# Exercise brief
Repeat exactly the lines beginning at the one that contains "this 600×800 image." and running to the end of the material. Omit the pictures.

====

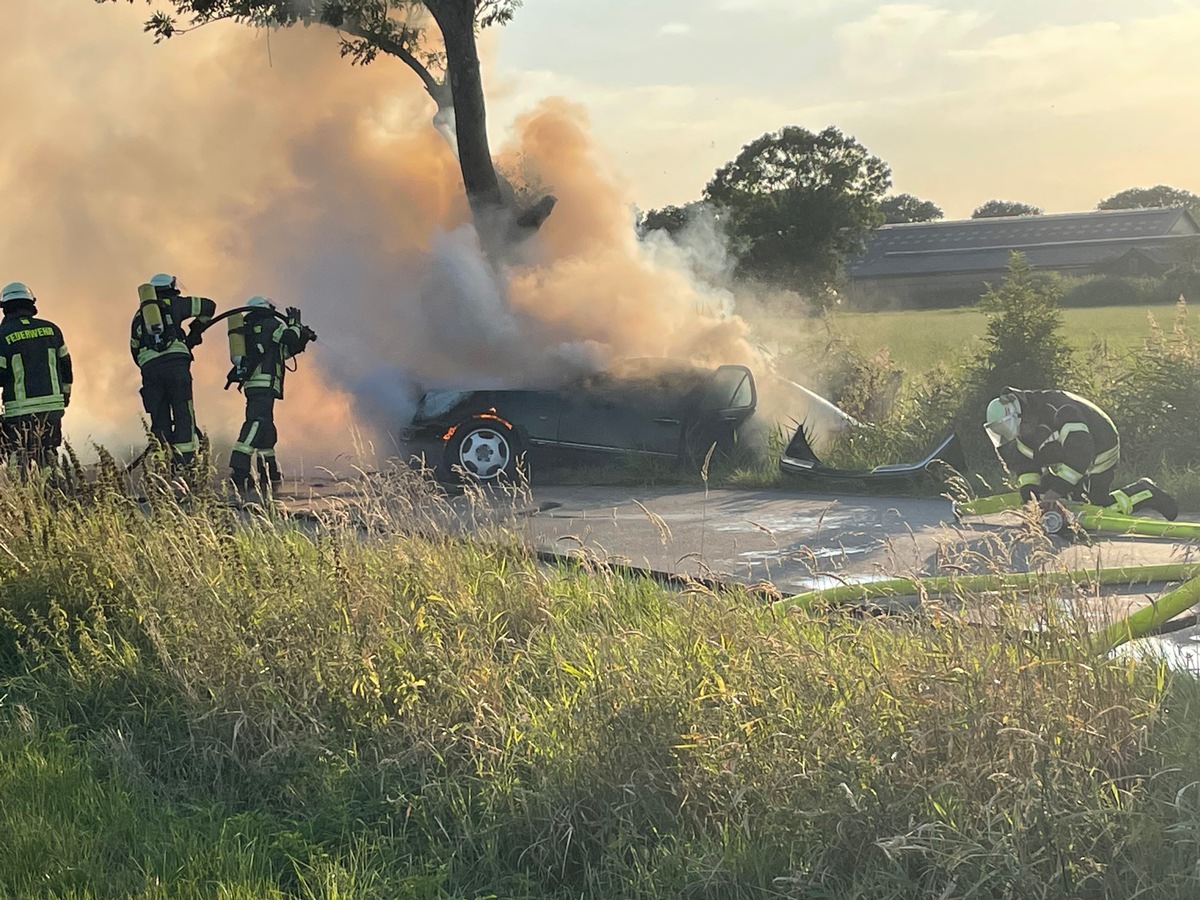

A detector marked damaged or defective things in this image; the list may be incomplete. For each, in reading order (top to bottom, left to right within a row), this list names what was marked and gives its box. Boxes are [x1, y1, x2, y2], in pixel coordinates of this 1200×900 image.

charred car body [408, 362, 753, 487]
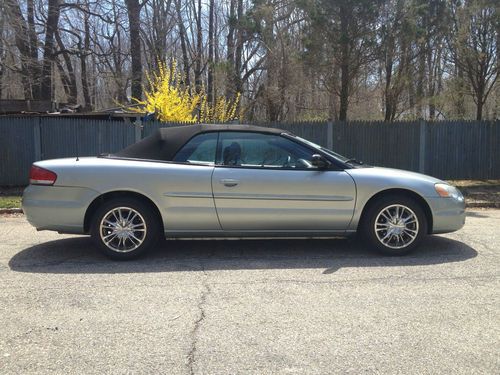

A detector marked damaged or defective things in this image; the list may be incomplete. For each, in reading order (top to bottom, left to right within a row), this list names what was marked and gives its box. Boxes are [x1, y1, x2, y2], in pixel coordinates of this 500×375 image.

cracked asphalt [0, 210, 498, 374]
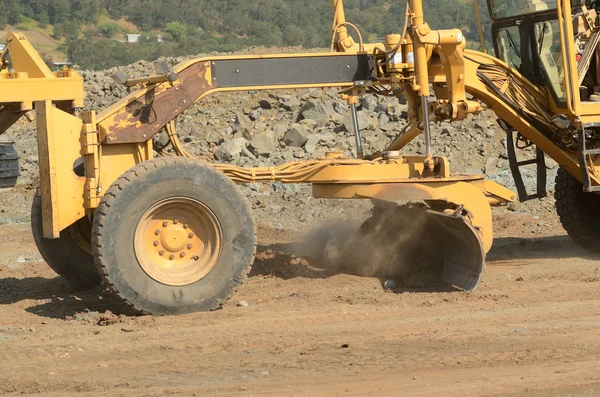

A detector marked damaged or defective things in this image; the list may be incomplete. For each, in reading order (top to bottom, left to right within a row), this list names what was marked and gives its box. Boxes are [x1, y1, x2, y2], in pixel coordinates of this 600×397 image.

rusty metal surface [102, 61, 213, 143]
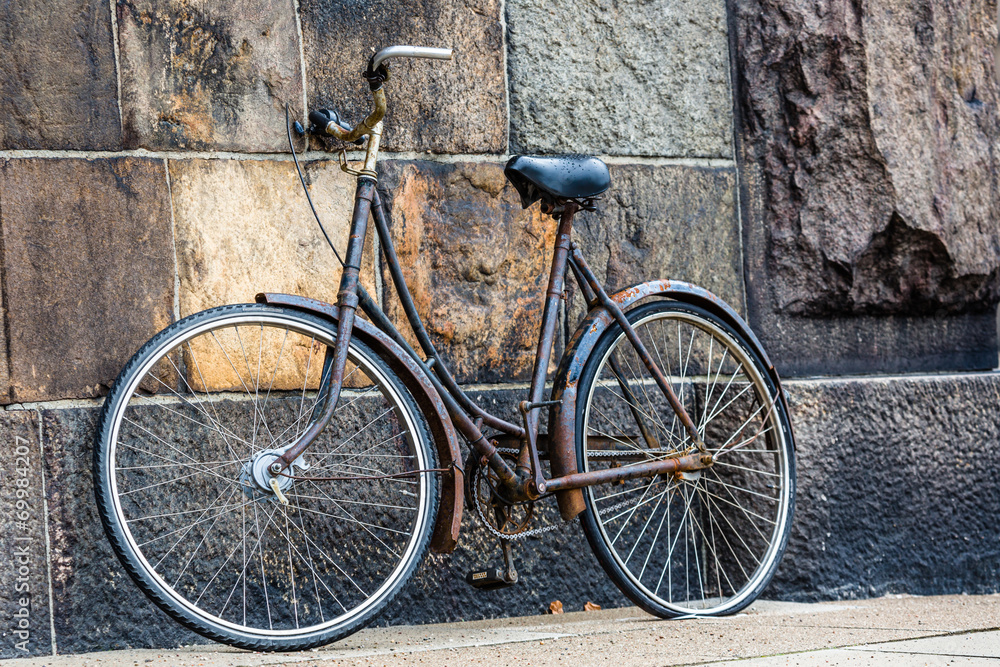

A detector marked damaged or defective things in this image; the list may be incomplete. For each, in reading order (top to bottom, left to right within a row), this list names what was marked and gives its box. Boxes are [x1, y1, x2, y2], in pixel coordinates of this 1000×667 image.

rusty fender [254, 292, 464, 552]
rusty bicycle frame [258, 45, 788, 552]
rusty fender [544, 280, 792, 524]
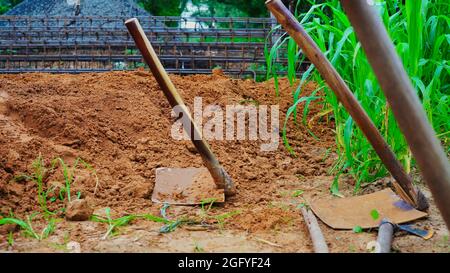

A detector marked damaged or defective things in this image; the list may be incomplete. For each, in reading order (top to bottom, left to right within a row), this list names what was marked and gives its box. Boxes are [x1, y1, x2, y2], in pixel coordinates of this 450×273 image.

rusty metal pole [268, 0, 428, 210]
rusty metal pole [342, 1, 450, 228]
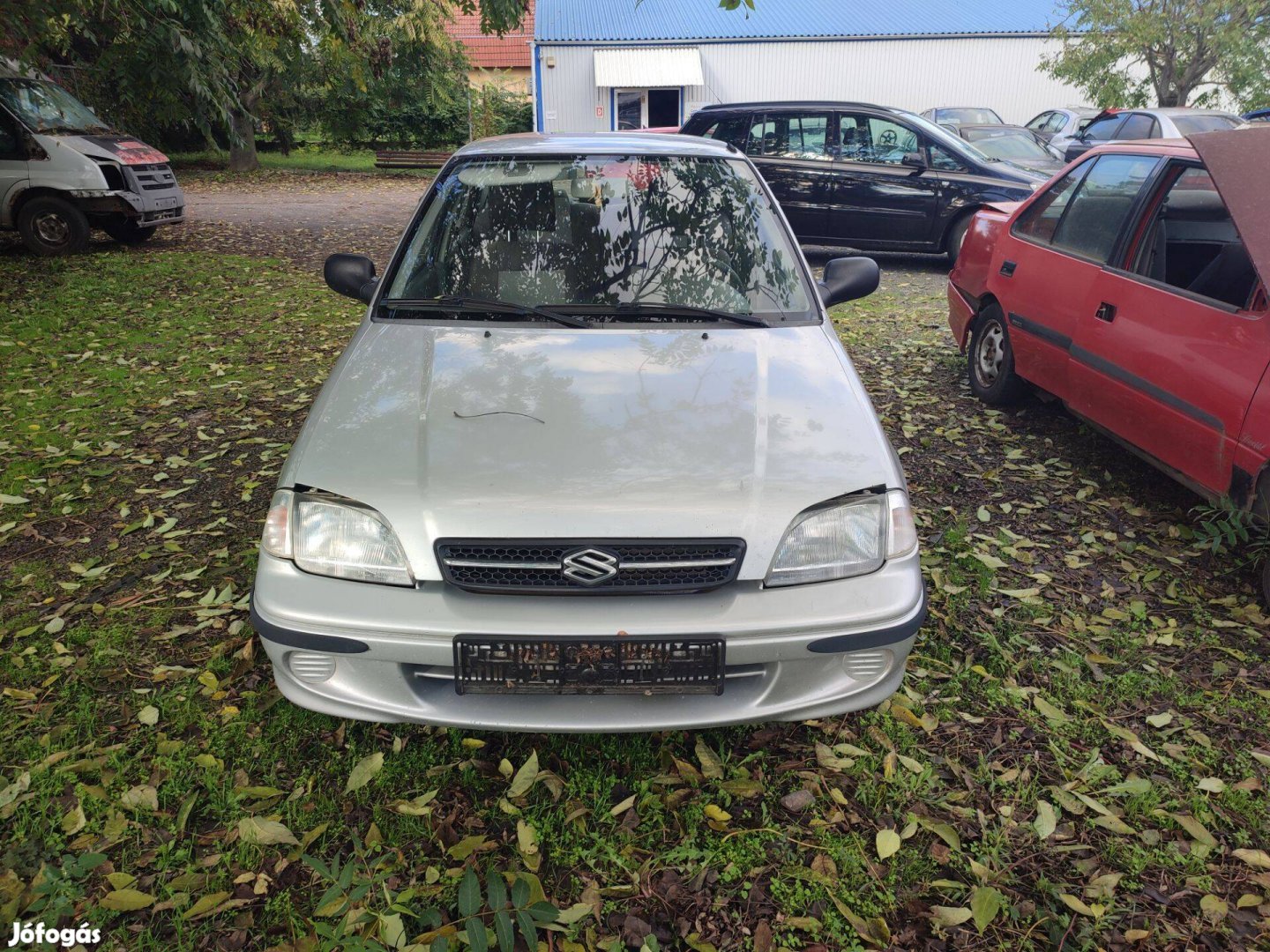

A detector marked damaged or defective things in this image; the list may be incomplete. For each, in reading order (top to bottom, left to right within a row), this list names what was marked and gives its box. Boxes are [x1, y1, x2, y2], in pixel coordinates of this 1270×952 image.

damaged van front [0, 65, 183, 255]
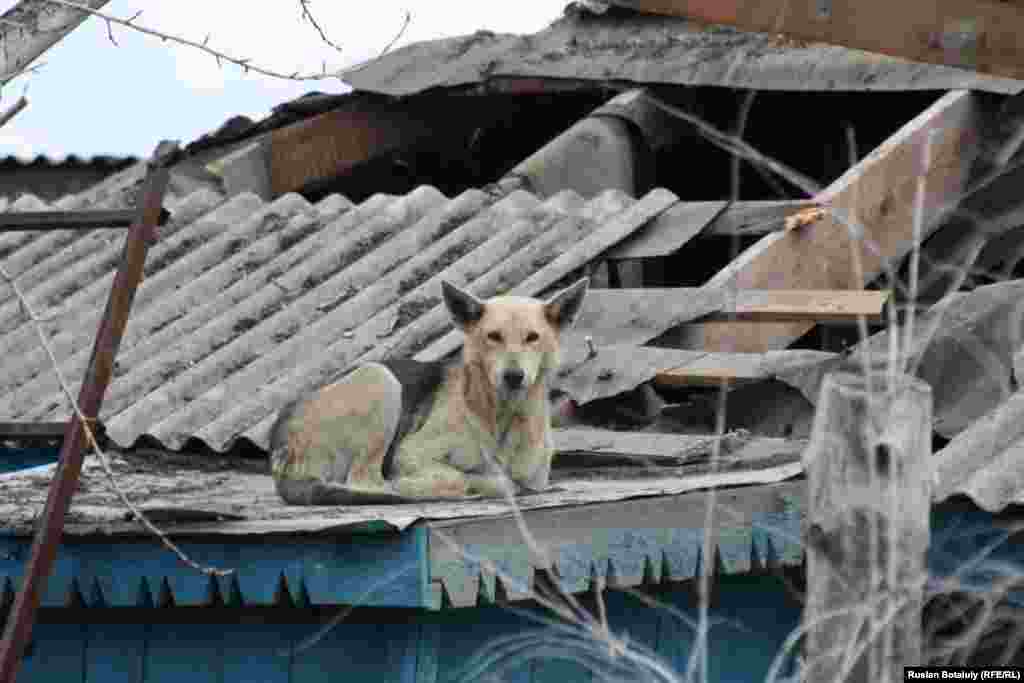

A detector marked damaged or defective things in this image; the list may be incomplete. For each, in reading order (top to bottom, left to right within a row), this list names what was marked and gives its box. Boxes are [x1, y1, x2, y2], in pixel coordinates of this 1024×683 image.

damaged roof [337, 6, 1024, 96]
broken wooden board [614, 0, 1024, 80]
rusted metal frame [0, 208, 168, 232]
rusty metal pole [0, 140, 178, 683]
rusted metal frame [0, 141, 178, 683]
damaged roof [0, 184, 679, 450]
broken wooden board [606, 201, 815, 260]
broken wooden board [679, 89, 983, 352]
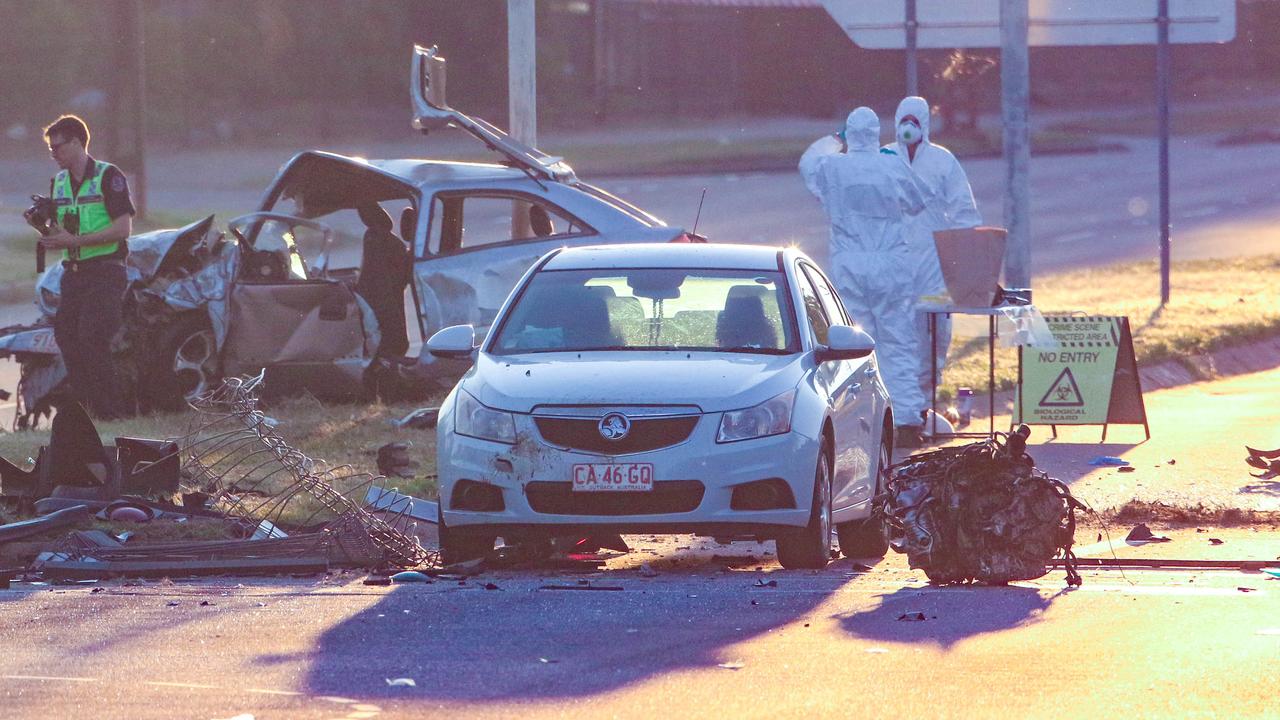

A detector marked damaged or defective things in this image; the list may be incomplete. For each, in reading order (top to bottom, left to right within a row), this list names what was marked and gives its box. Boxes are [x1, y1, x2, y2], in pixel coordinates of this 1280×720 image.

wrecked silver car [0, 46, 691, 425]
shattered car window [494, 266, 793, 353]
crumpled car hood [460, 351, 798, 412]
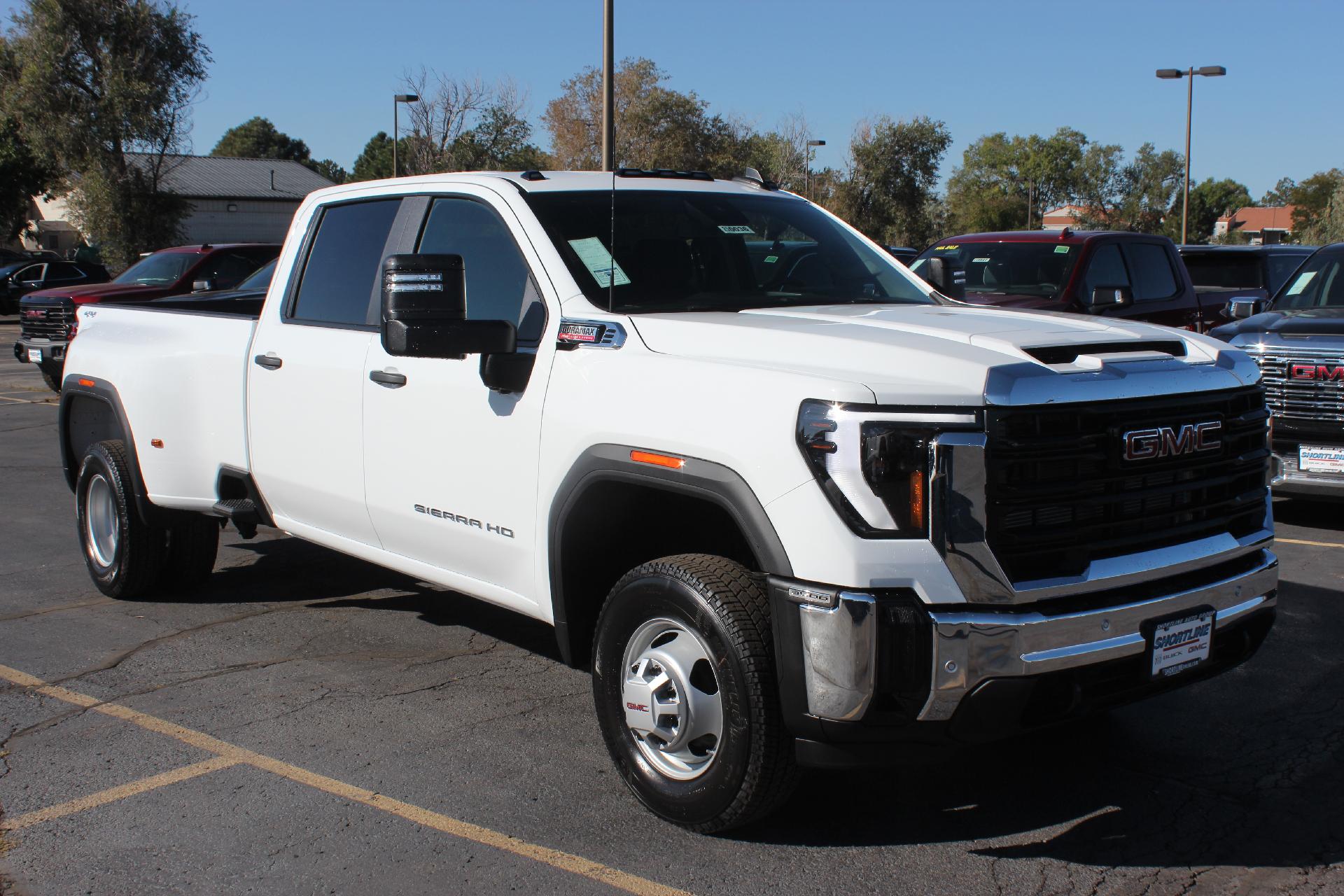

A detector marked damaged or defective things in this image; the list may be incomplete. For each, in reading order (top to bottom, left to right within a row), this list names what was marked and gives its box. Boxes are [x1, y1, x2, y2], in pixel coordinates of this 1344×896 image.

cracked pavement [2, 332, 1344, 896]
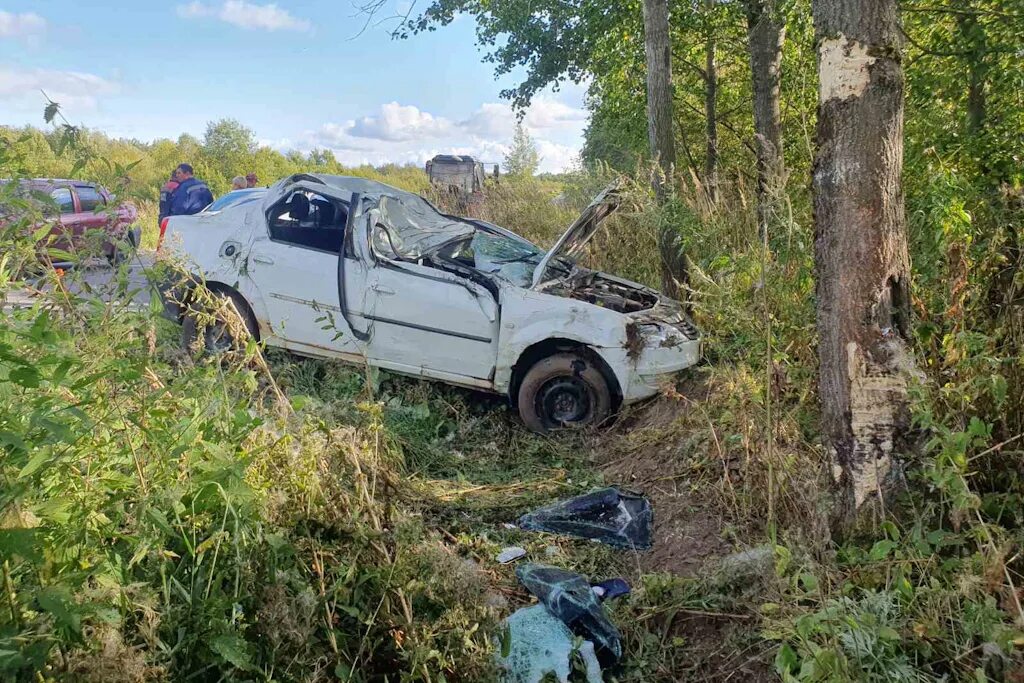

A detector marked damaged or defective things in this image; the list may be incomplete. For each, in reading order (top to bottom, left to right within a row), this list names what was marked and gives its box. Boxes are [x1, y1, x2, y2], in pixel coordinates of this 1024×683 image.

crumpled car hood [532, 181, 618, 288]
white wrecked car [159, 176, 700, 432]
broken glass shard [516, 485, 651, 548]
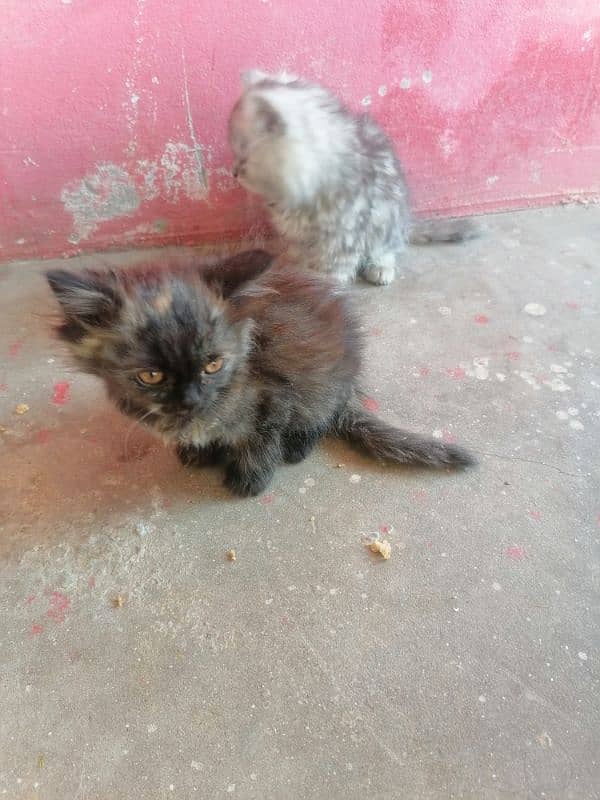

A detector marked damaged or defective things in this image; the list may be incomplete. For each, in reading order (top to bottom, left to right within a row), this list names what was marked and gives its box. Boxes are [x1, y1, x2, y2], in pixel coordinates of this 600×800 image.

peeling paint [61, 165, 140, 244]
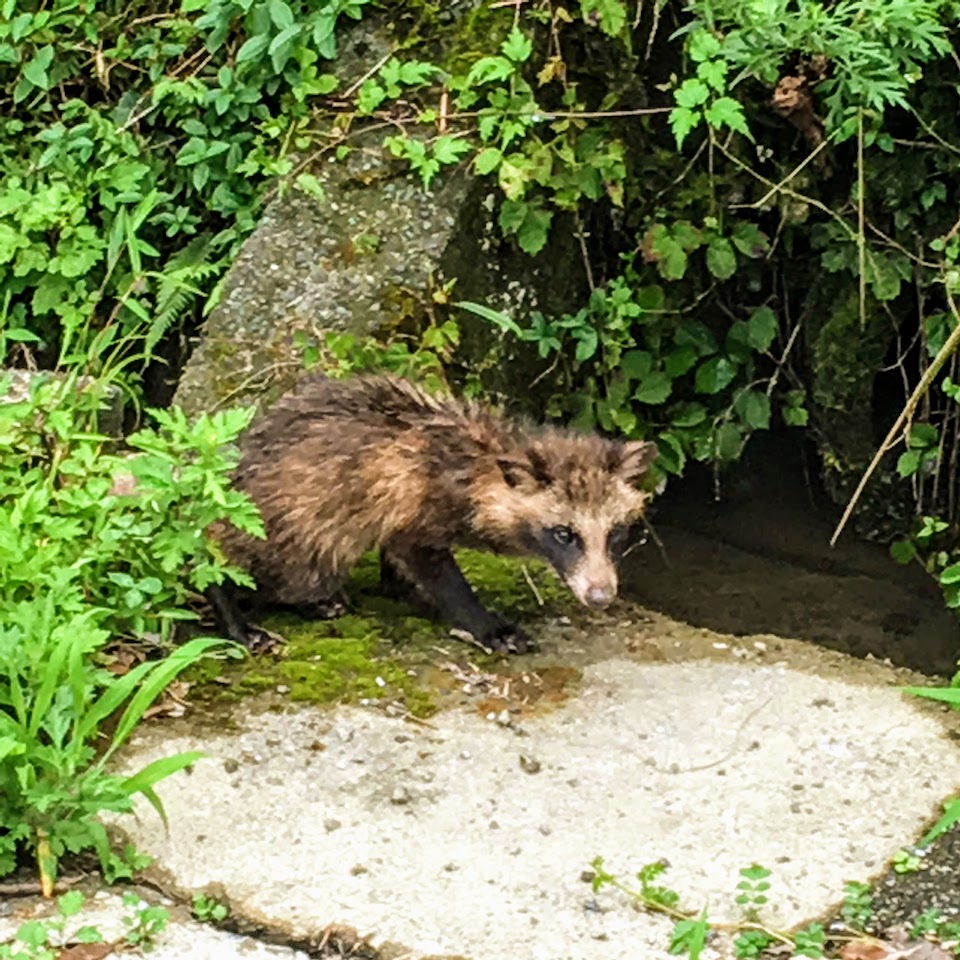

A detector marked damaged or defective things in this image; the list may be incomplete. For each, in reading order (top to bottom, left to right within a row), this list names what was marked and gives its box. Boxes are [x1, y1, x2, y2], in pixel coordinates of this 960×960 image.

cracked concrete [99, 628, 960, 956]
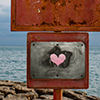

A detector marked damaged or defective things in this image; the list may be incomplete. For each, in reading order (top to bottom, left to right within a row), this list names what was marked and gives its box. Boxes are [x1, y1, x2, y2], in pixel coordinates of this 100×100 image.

====

# Expected output
A detector marked damaged or defective things in this image; the list may be incomplete. For each, in reading order (top to bottom, left to right within a row), this list names what was marked and gives its box. Boxes are [x1, y1, x2, y2], in pixel coordinates of this 600×800 image.

peeling paint [61, 165, 140, 244]

A detector marked damaged or defective things in this image; the list may be incomplete. For each, in reading order (top to bottom, left to right within a row), this list names what was marked and gives its box. Boxes are [x1, y1, x2, y2], in pixel coordinates of this 960×960 image.

cracked concrete [99, 628, 960, 956]

A detector marked damaged or defective things in this image; the list may be incomplete. For each, in reading order (top to bottom, left to right within a row), this list names what was marked and gives its box. Boxes are [x1, y1, x2, y2], in pixel coordinates of this 100×100 image.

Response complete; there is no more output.